> **EXCERPTED RECORDS**
------------------------------------------------------------
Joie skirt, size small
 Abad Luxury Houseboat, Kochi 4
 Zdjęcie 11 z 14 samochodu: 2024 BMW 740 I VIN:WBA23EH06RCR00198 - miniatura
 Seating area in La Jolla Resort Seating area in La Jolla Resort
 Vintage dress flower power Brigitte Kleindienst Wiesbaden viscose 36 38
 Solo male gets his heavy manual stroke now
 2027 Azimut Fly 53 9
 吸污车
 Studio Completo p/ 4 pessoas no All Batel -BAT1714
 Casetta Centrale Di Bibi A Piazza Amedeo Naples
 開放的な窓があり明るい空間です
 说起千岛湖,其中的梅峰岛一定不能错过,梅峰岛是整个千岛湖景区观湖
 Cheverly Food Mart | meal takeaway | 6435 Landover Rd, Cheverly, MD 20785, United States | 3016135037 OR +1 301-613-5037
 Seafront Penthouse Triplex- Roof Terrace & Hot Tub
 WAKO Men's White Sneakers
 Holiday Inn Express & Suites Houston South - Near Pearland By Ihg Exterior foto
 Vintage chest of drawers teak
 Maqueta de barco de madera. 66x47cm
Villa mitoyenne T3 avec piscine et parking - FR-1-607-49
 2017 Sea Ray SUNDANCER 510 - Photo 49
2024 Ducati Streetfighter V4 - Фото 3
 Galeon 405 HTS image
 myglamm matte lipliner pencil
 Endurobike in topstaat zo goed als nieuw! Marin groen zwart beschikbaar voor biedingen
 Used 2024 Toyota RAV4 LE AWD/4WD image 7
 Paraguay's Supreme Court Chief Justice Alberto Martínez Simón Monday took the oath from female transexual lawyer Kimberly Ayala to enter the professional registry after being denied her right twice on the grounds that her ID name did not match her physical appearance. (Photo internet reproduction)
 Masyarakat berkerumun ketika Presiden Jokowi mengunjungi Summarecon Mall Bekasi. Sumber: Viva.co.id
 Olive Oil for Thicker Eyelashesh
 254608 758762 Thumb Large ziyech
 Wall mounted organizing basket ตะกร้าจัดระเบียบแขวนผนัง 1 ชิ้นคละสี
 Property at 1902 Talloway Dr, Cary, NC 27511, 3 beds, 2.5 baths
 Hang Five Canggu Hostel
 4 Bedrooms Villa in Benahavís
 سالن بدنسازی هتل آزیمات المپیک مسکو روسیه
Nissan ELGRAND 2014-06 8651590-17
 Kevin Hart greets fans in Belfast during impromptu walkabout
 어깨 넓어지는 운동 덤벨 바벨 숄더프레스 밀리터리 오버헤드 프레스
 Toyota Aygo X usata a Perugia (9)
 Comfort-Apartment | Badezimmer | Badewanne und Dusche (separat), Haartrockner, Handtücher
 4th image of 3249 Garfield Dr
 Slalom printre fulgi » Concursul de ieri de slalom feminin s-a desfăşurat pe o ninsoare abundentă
------------------------------------------------------------
Identify the lines above with the word "image". Copy them.

 Galeon 405 HTS image
 Used 2024 Toyota RAV4 LE AWD/4WD image 7
 4th image of 3249 Garfield Dr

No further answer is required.